# What is it ?



## randallace (Apr 17, 2015)

Ok - a guy at work whom knows I'm into bikes brought me in an old " racing bike" his next door lady friend was gonna throw away - I know it's schwinn, and the serial number looks to be from 1963 ?  If I read that right - I can't find any head tube markings or other stamping to indicate that it's a later giant made bike -  could it be a paramount ?  I know the gt100 derailer is a shimano made , and introduced later (1970's) and belongs on the japan bikes, so I assume this is Japanese made ?  

Looks like someone sanded to the metal and primed and painted it - but I think the yellow in the serial numbers might be the orig color ? Which is not at all consistant with a 1963 bike - the previous owner was obviously trying to make it look like a trek , with the bontrager tires, bar wrap, the trek decals I peeled off, ect .... LOL


----------



## randallace (Apr 17, 2015)




----------



## randallace (Apr 17, 2015)




----------



## vincev (Apr 17, 2015)

You might try "Bike Forums". They are 95% road bikes.


----------



## randallace (Apr 17, 2015)




----------



## Metacortex (Apr 17, 2015)

That is a 1972 World Traveler, which was available in Kool Lemon, Opaque Blue and Opaque Green. It was the very first imported Schwinn, made by Panasonic in Japan. It was also a very low-end bike, basically a lugged Varsinental. Here is a more original one that recently sold on eBay: http://www.ebay.com/itm/161574882545


----------



## GTs58 (Apr 17, 2015)

Interesting to see a one piece crank and side pull brakes on a lugged frame. Possible Le Tour converted to a Varsity?


----------



## Jeff54 (Apr 17, 2015)

randallace said:


> Ok - a guy at work whom knows I'm into bikes brought me in an old " racing bike" his next door lady friend was gonna throw away - I know it's schwinn, and the serial number looks to be from 1963 ?  If I read that right - I can't find any head tube markings or other stamping to indicate that it's a later giant made bike -  could it be a paramount ?  I know the gt100 derailer is a shimano made , and introduced later (1970's) and belongs on the japan bikes, so I assume this is Japanese made ?
> 
> Looks like someone sanded to the metal and primed and painted it - but I think the yellow in the serial numbers might be the orig color ? Which is not at all consistant with a 1963 bike - the previous owner was obviously trying to make it look like a trek , with the bontrager tires, bar wrap, the trek decals I peeled off, ect .... LOL
> 
> ...


----------



## randallace (Apr 17, 2015)

Ok - so what am I missing so I can get a list together of stuff I need


----------



## Freqman1 (Apr 18, 2015)

Personally I wouldn't spend any money on this bike unless cost is not an issue. Just ride it like it is or, at most, give it a nice rattle can job. V/r Shawn


----------



## randallace (Apr 18, 2015)

I cleaned up the rims today. - hubs marked '71 japan - what the heck - gonna re-do this one


----------



## randallace (Apr 18, 2015)

Are the handle bars normally shaped like this ?


----------



## Metacortex (Apr 18, 2015)

randallace said:


> Are the handle bars normally shaped like this ?

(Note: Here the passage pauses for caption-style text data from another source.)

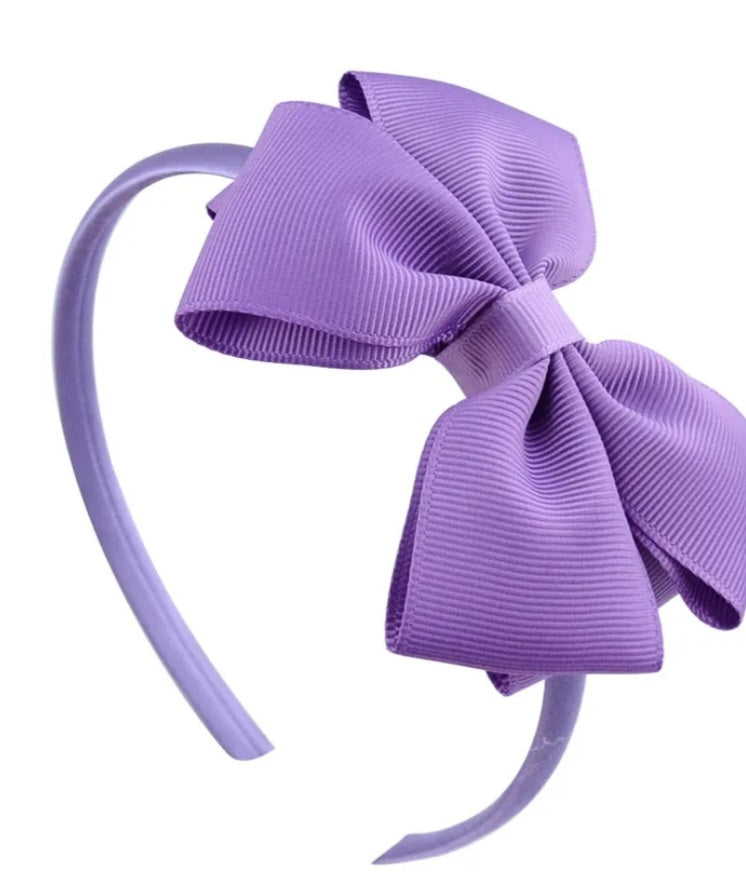 Hairband with bow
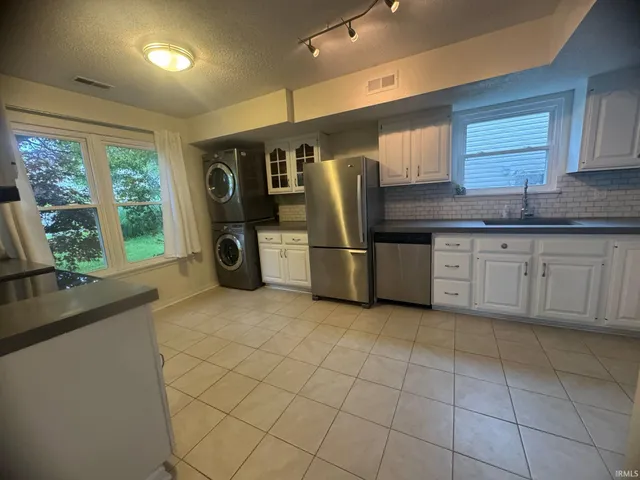 $1,850 | 3878 South Bushmill Drive, Bloomington, IN 47403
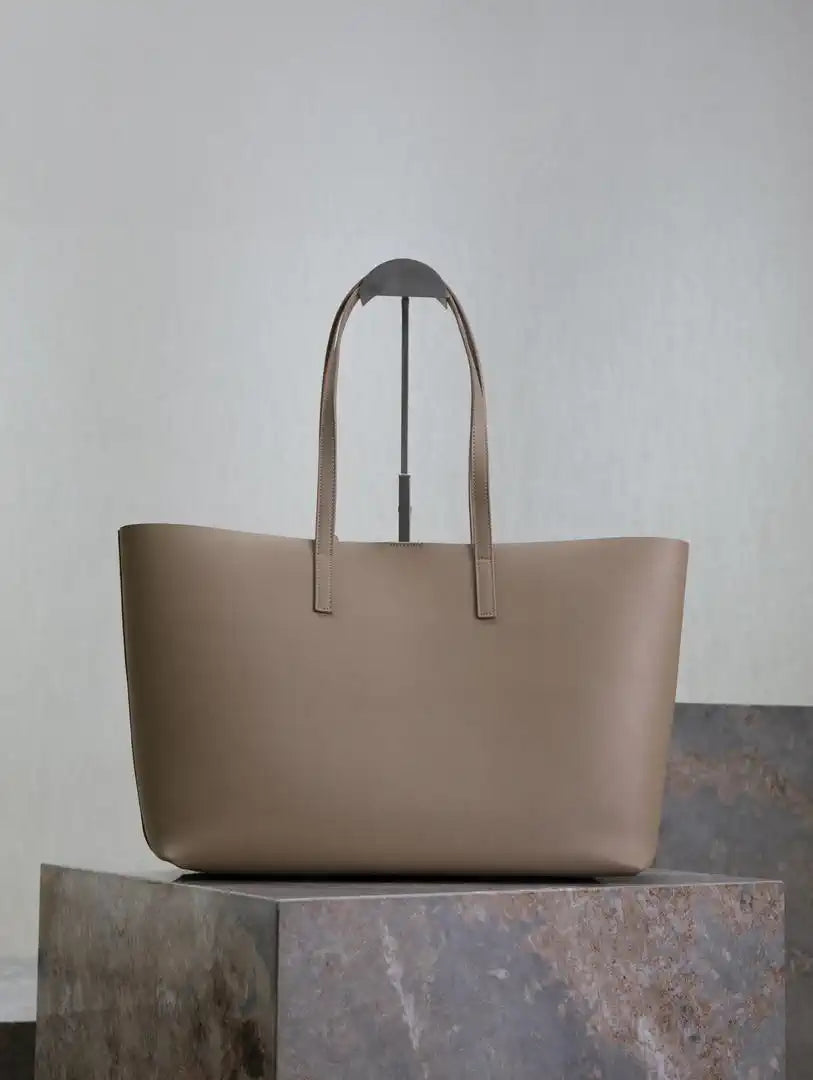 YSL 600281 Shopping Saint Laurent in leather Dark Beige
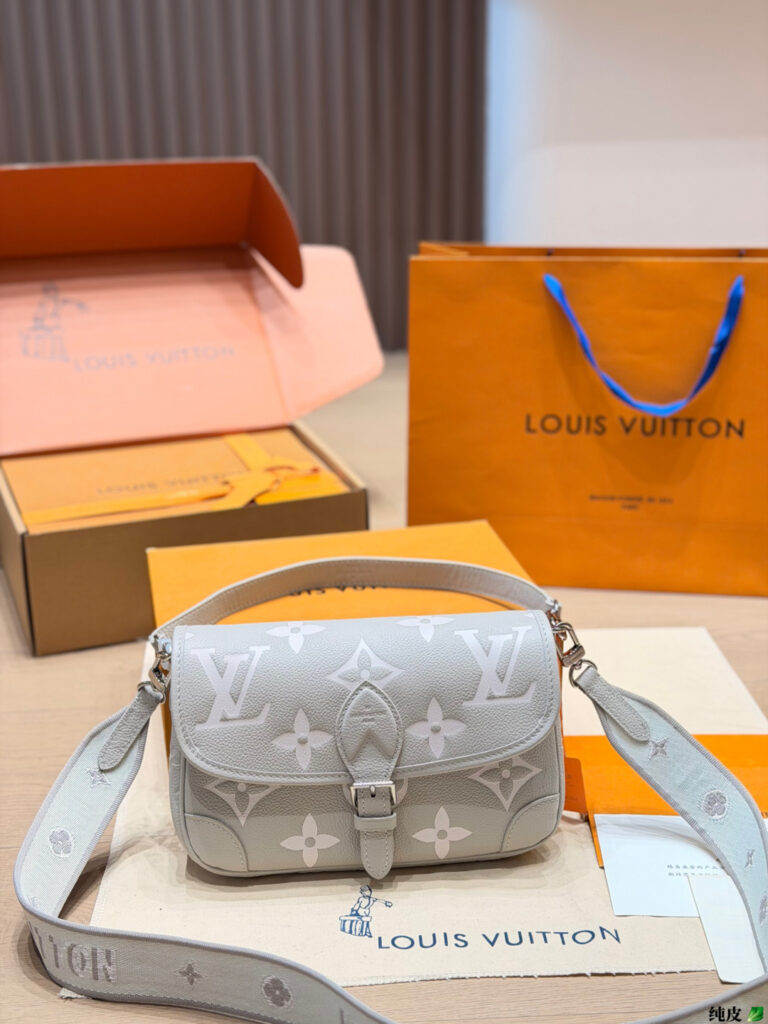 Louis Vuitton 567489 Bag Size 26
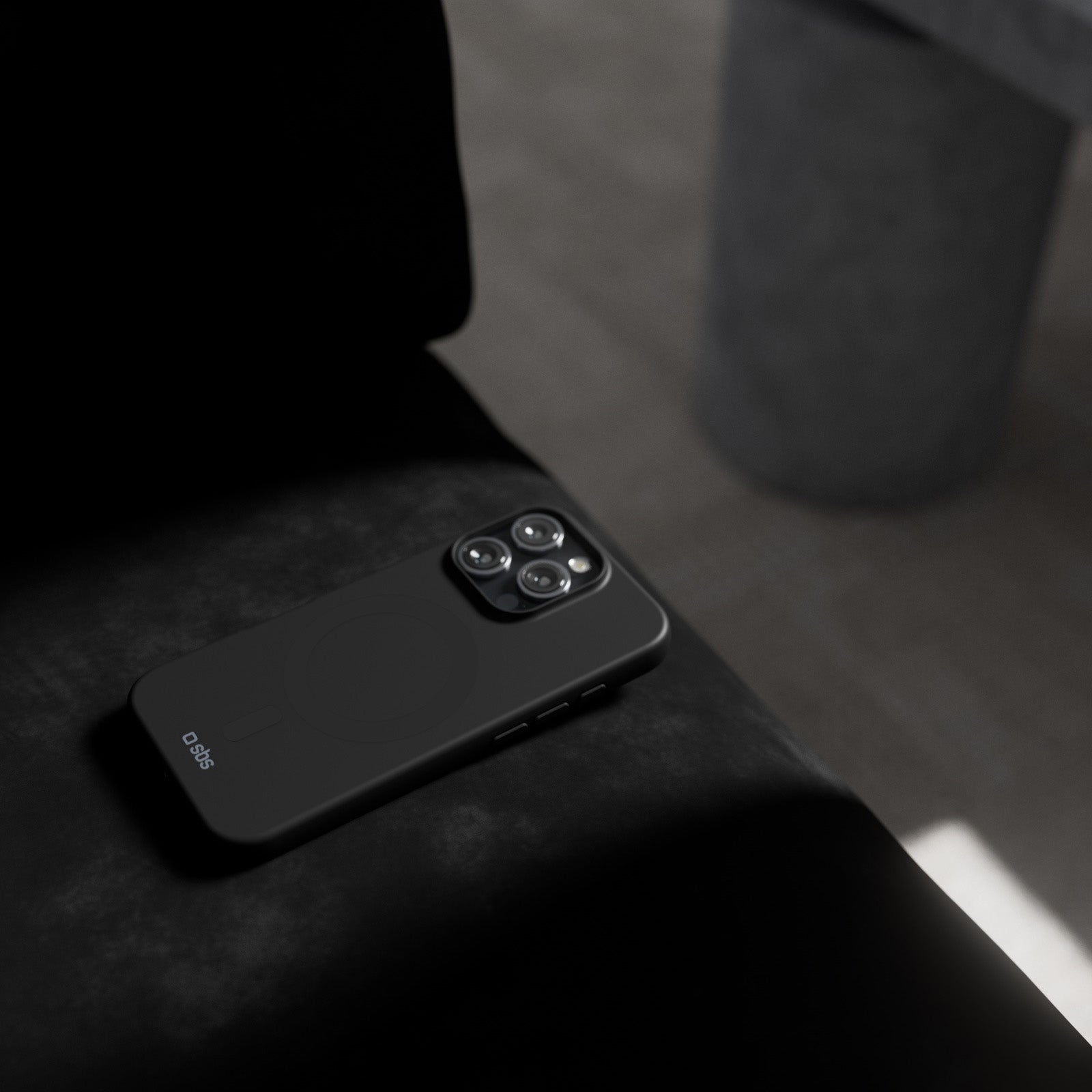 Instinct Mag - Coque compatible avec chargeur MagSafe pour iPhone 16 Pro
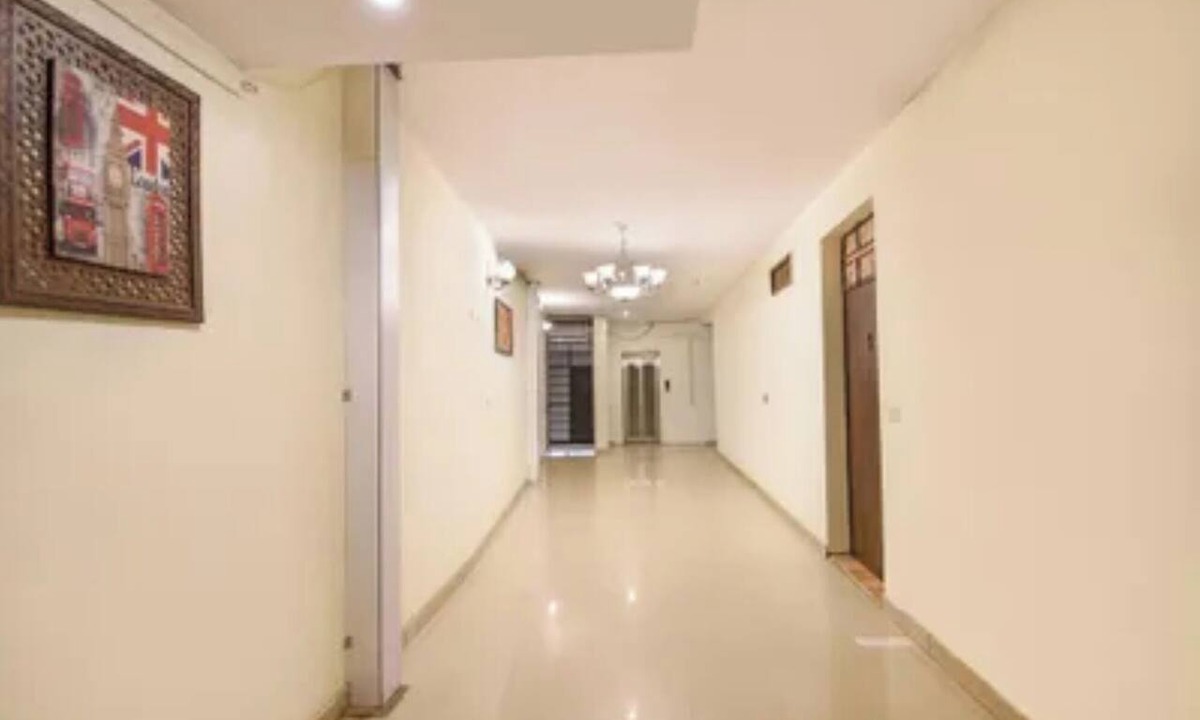 Faridabad Hotel | Via Lazeeno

They are Randonneur style handlebars, which Schwinn began using on many of its drop-bar bikes starting in '71. They have an upswept flared shape that is designed for more comfortable long-distance riding. Here is a good article on road bike handlebar designs: http://ruedatropical.com/2009/03/road-drop-bar-geometry/

Below are some pics showing the differences between the popular Randonneur and Maes type bars.

Randonneur:






Maes:


----------



## randallace (Apr 18, 2015)

thanks ! that was very interesting reading


----------



## randallace (Apr 18, 2015)

Considering adding aero brake levers  with cyclocross levers as well - that would be different


----------



## randallace (Apr 24, 2015)

Did the rebuild today - rebuilt brakes. ( missing parts, damaged parts ) new cables, aero levers , bar tape, bearing repack, tru'd up the wheels , rides very nice , but that seat simply has to go , very very uncomfortable 

** this May not seem like a big deal but it kinda is - this is my first road bike rebuild that went smooth and semi problem free, and the result rides  fantastic - im getting better , yes I am


----------